PROBLEM STATEMENT - Only an exact copy belongs in the answer: the line with "Caja De Cubierta" and every line after it through the end of the records, pictures left out.

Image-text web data

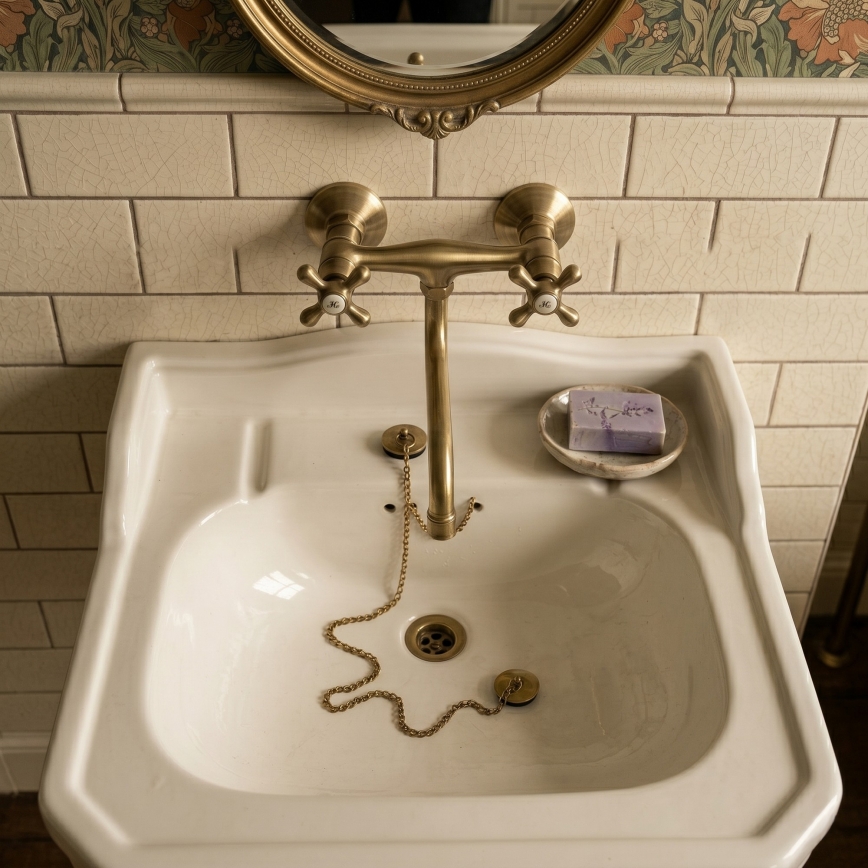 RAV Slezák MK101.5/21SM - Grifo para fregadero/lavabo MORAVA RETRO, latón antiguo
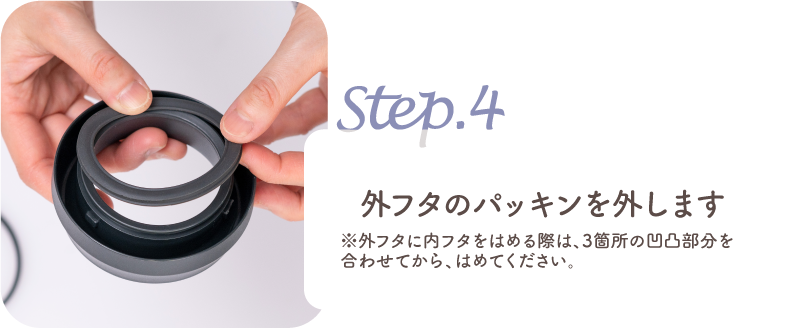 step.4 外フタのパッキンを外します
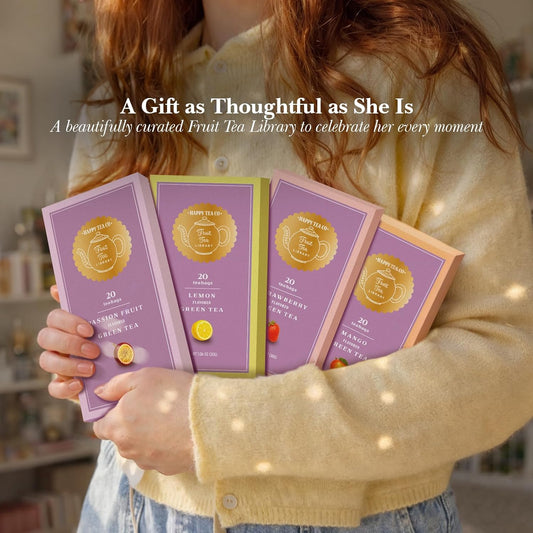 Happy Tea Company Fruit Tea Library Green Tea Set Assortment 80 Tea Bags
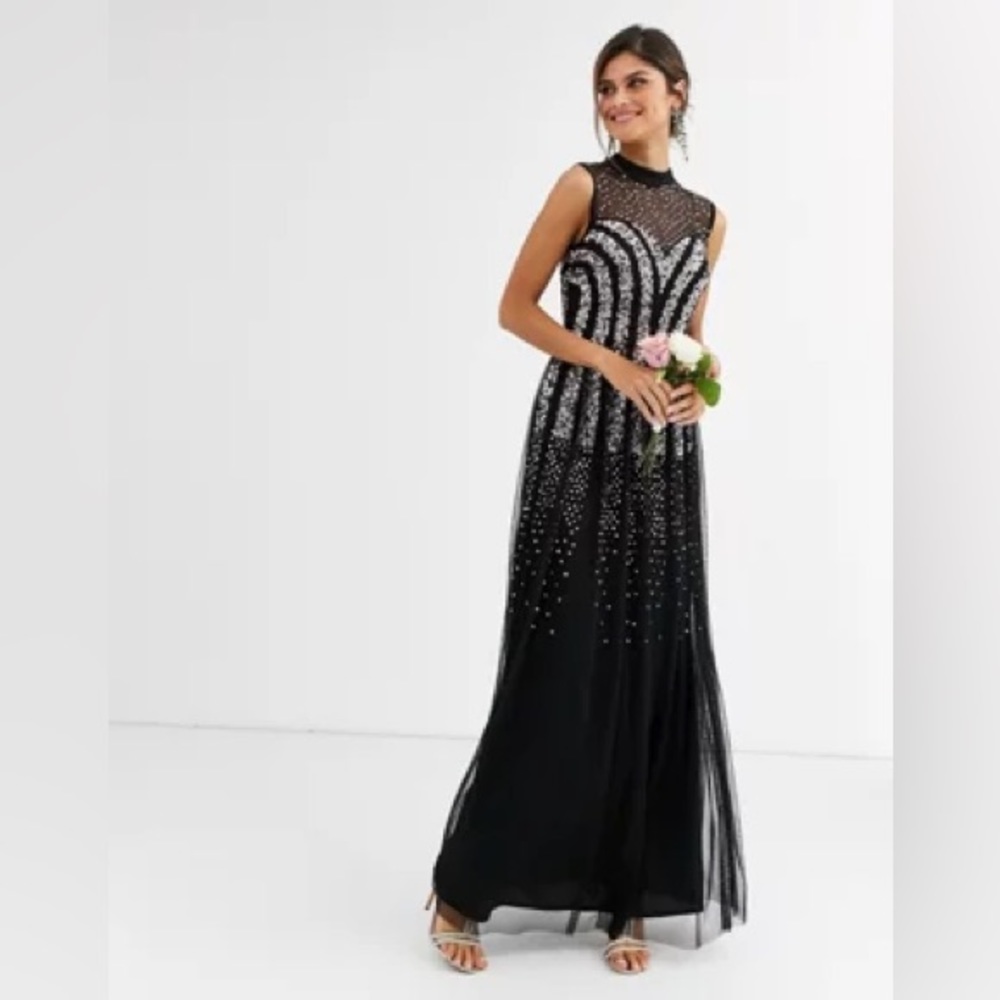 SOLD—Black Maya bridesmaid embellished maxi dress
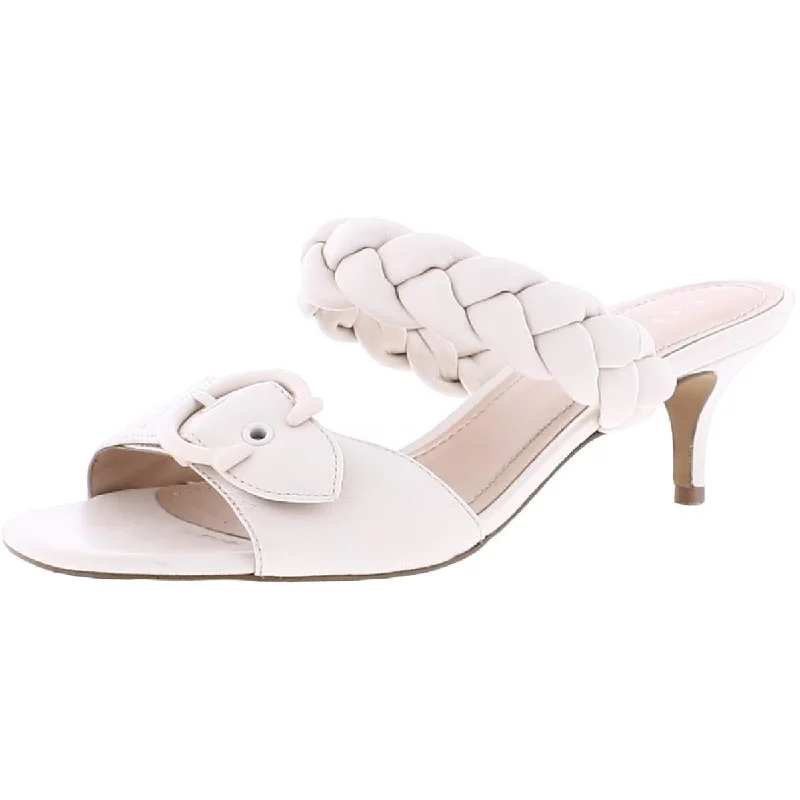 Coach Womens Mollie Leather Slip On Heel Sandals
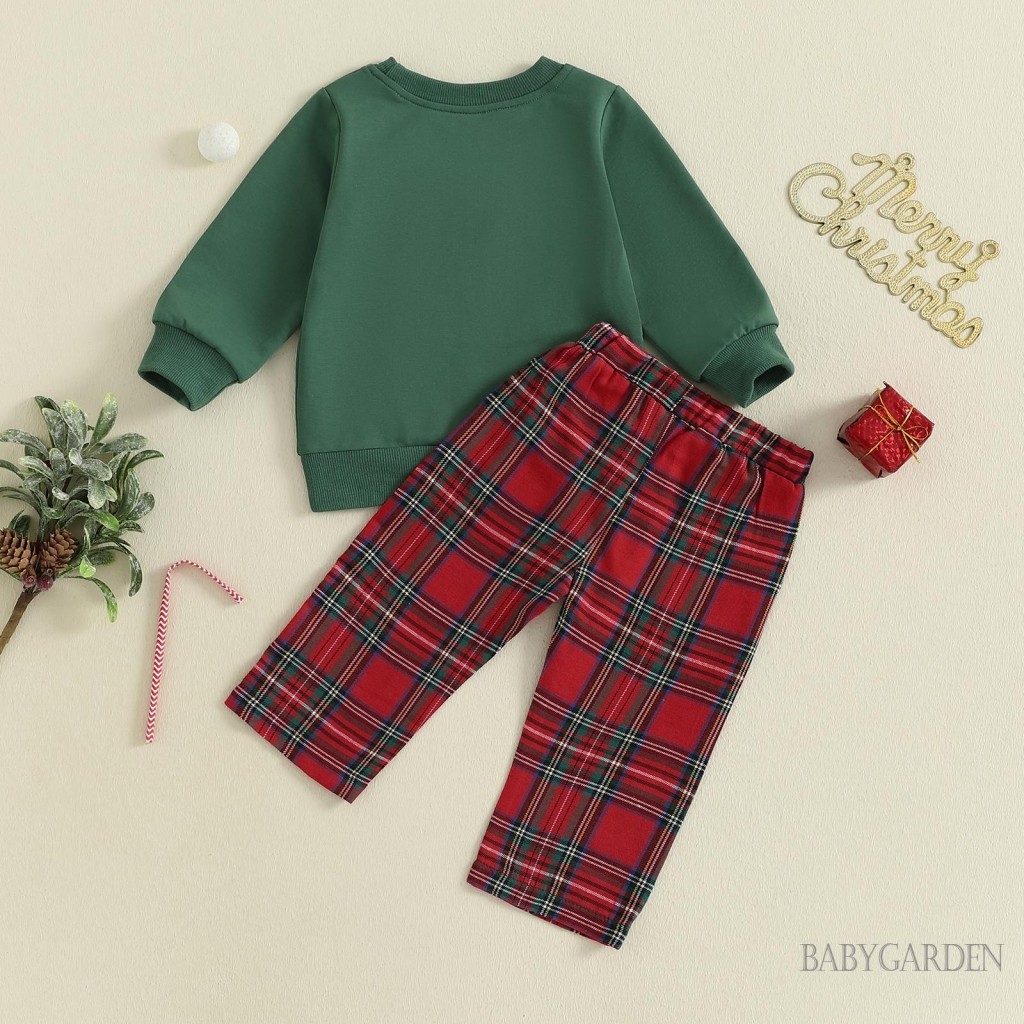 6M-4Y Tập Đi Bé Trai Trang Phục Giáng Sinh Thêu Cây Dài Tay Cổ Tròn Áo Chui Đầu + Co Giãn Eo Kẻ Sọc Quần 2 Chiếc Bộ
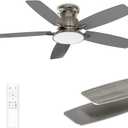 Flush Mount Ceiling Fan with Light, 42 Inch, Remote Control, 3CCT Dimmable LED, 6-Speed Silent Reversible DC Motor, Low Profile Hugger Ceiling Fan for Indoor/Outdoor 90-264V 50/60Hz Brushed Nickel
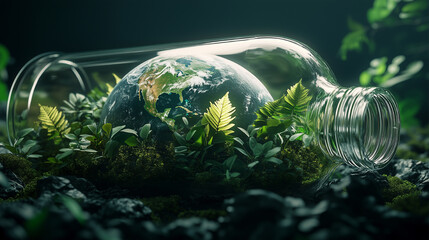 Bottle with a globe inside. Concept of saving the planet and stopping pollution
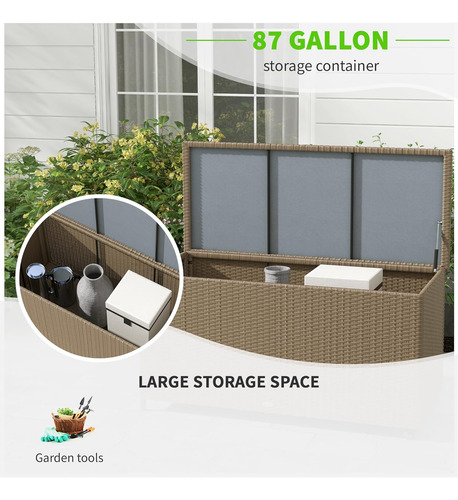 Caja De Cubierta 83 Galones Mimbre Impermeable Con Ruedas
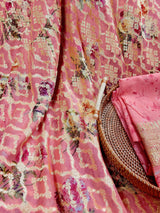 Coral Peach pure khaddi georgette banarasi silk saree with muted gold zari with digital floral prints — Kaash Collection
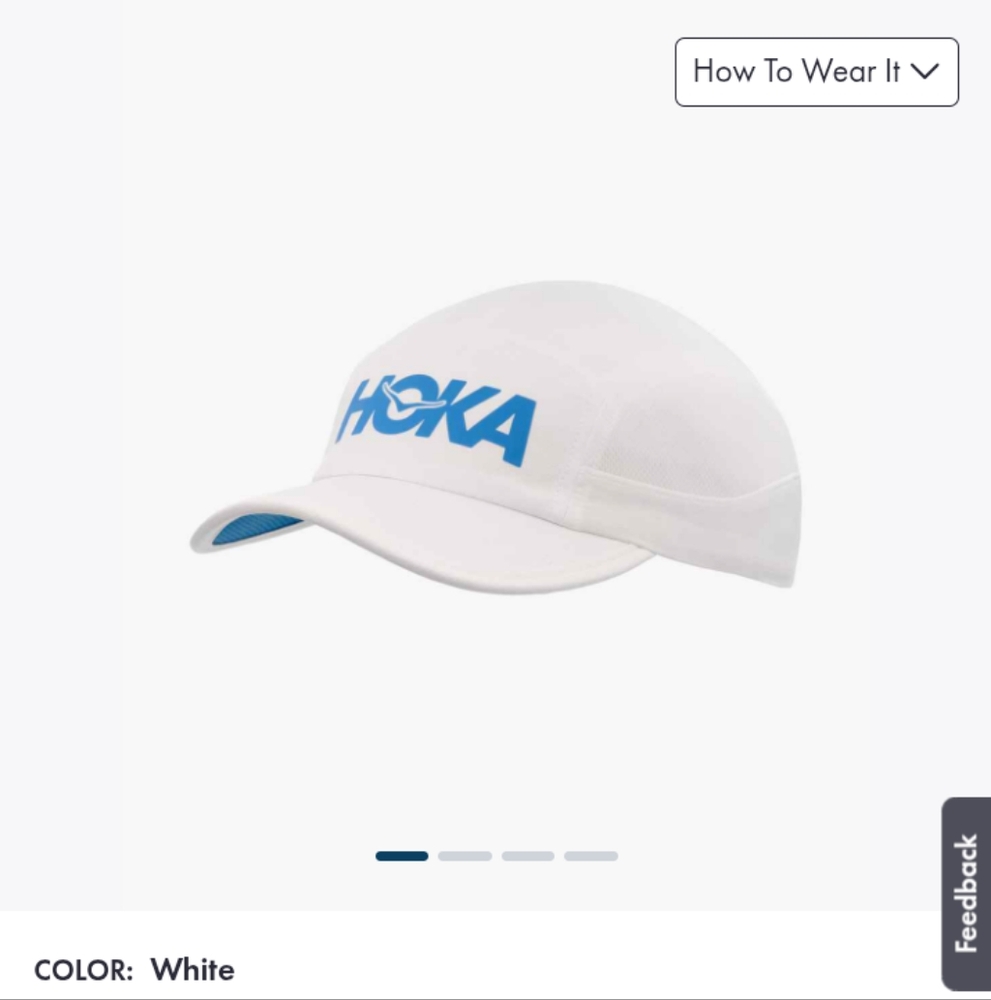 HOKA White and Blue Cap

RESULT FOR THIS TASK -
 Caja De Cubierta 83 Galones Mimbre Impermeable Con Ruedas
 Coral Peach pure khaddi georgette banarasi silk saree with muted gold zari with digital floral prints — Kaash Collection
 HOKA White and Blue Cap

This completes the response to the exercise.